**Data for analysis:**
§ §

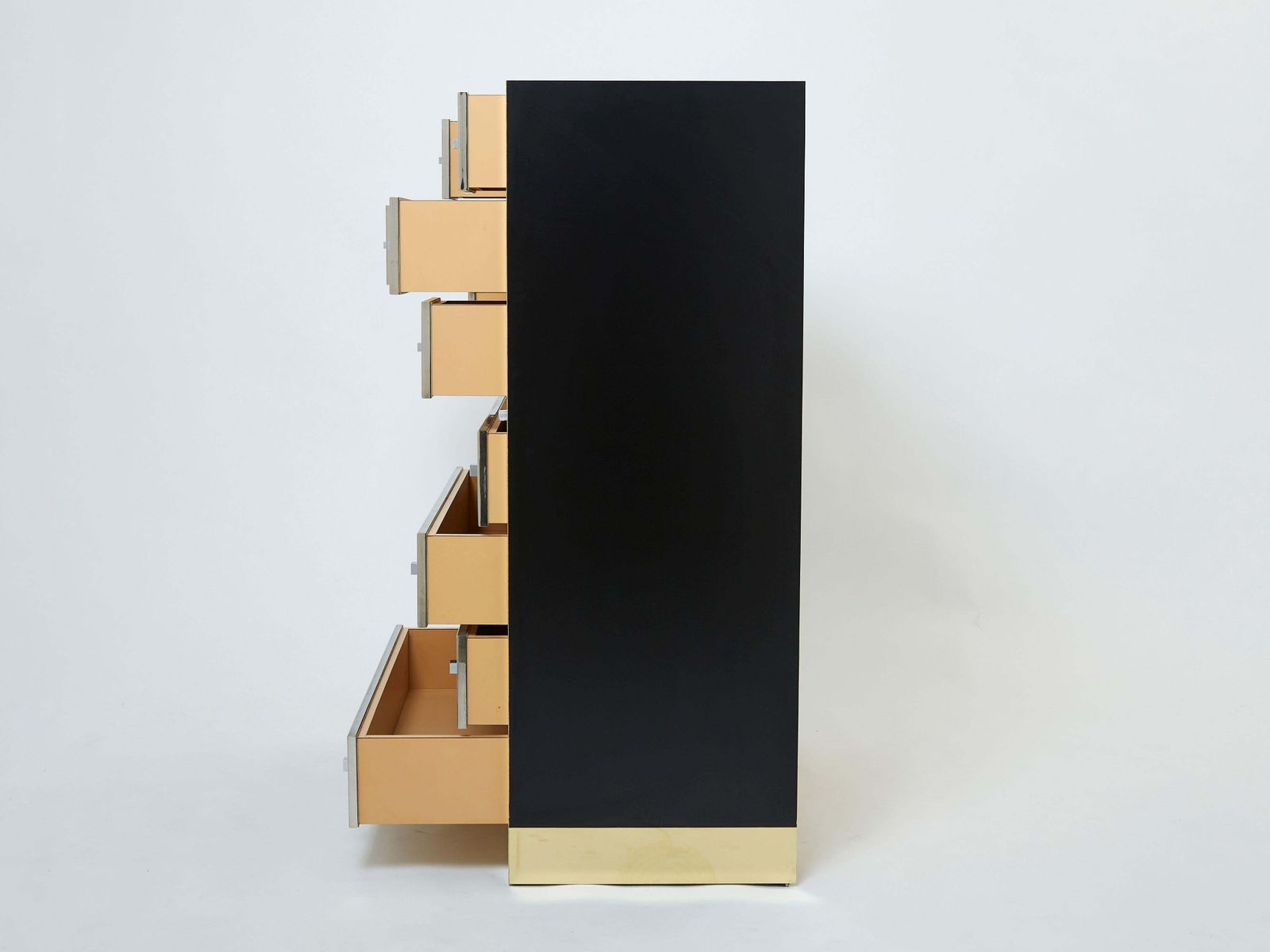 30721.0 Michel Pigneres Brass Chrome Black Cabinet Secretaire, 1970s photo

§ §

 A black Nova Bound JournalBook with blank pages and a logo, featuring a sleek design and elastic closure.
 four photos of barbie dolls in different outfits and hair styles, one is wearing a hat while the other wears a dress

§ §

Out of the data above, transcribe exactly and only the lines starting with the line that has "A black Nova" and going on through the line that has "four photos of", both included.

 A black Nova Bound JournalBook with blank pages and a logo, featuring a sleek design and elastic closure.
 four photos of barbie dolls in different outfits and hair styles, one is wearing a hat while the other wears a dress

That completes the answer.